__Supplied material__.
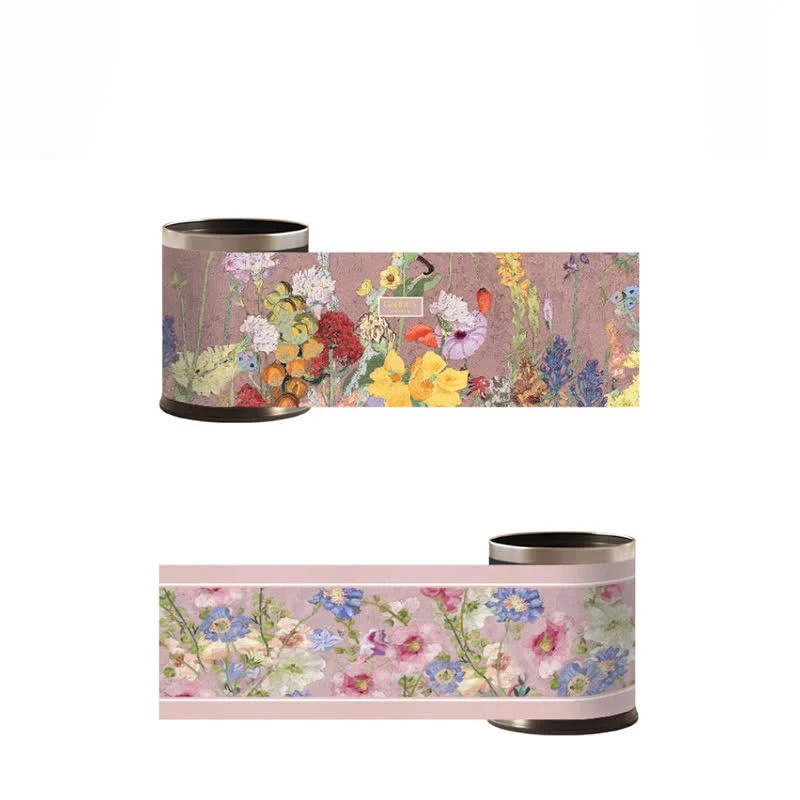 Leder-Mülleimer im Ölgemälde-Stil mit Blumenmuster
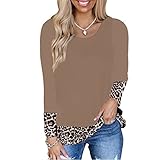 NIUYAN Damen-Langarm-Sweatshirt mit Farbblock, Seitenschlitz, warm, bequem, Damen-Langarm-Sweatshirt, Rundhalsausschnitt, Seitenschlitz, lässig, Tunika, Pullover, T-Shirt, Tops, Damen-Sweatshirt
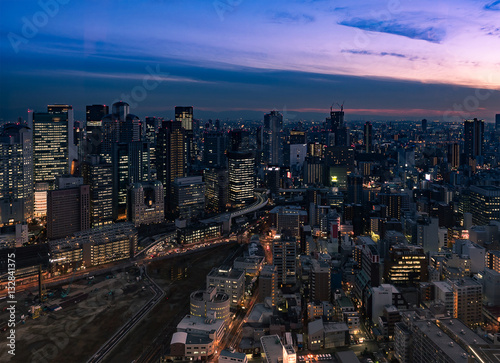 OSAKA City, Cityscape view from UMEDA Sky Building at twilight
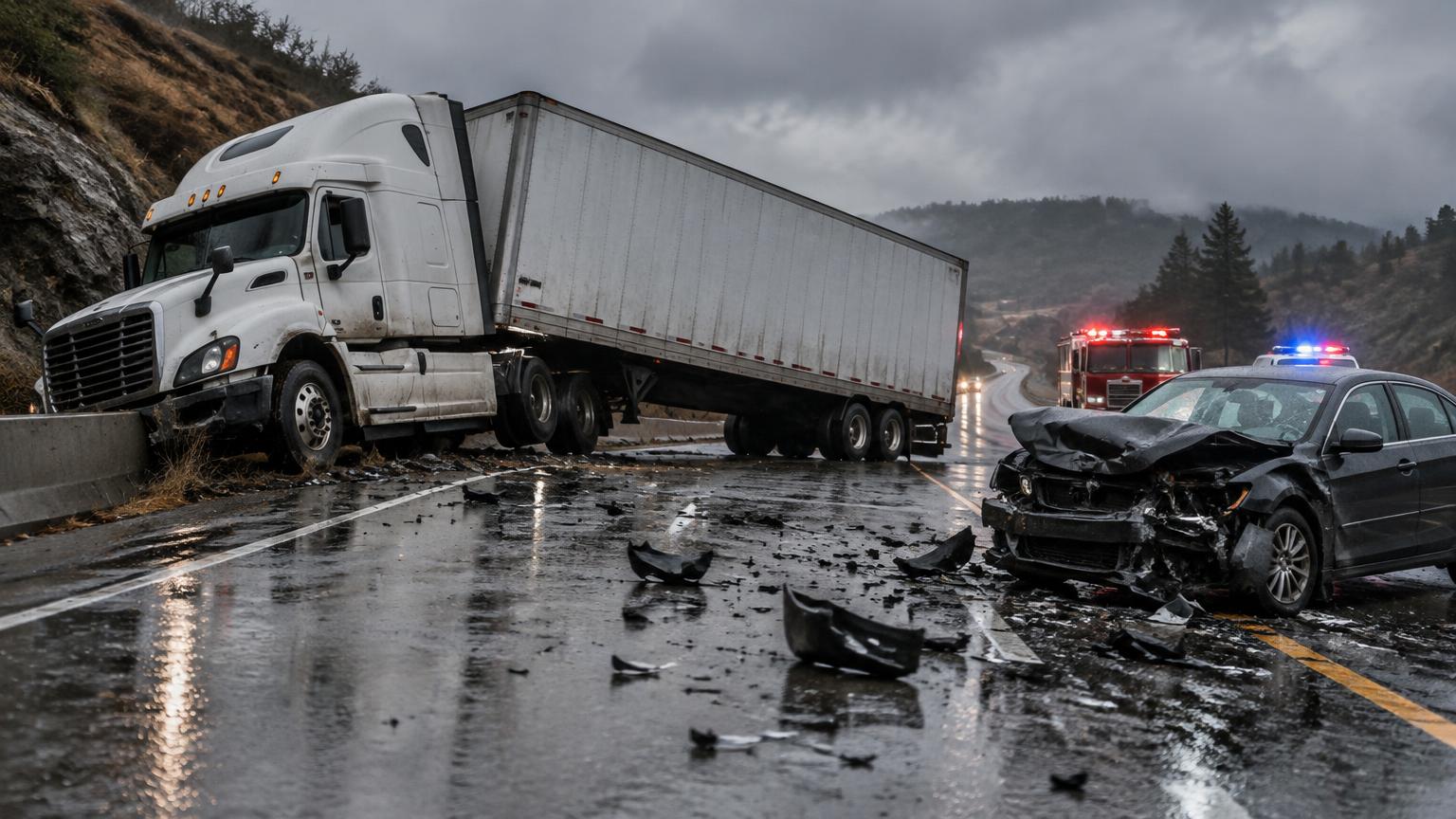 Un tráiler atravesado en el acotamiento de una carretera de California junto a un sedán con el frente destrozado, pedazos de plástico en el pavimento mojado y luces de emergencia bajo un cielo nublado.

__Directions for this task__. Every picture stays out; reproduce exactly the lines from the one with "OSAKA City, Cityscape" through the last line of the data above.

__Response__.
 OSAKA City, Cityscape view from UMEDA Sky Building at twilight
 Un tráiler atravesado en el acotamiento de una carretera de California junto a un sedán con el frente destrozado, pedazos de plástico en el pavimento mojado y luces de emergencia bajo un cielo nublado.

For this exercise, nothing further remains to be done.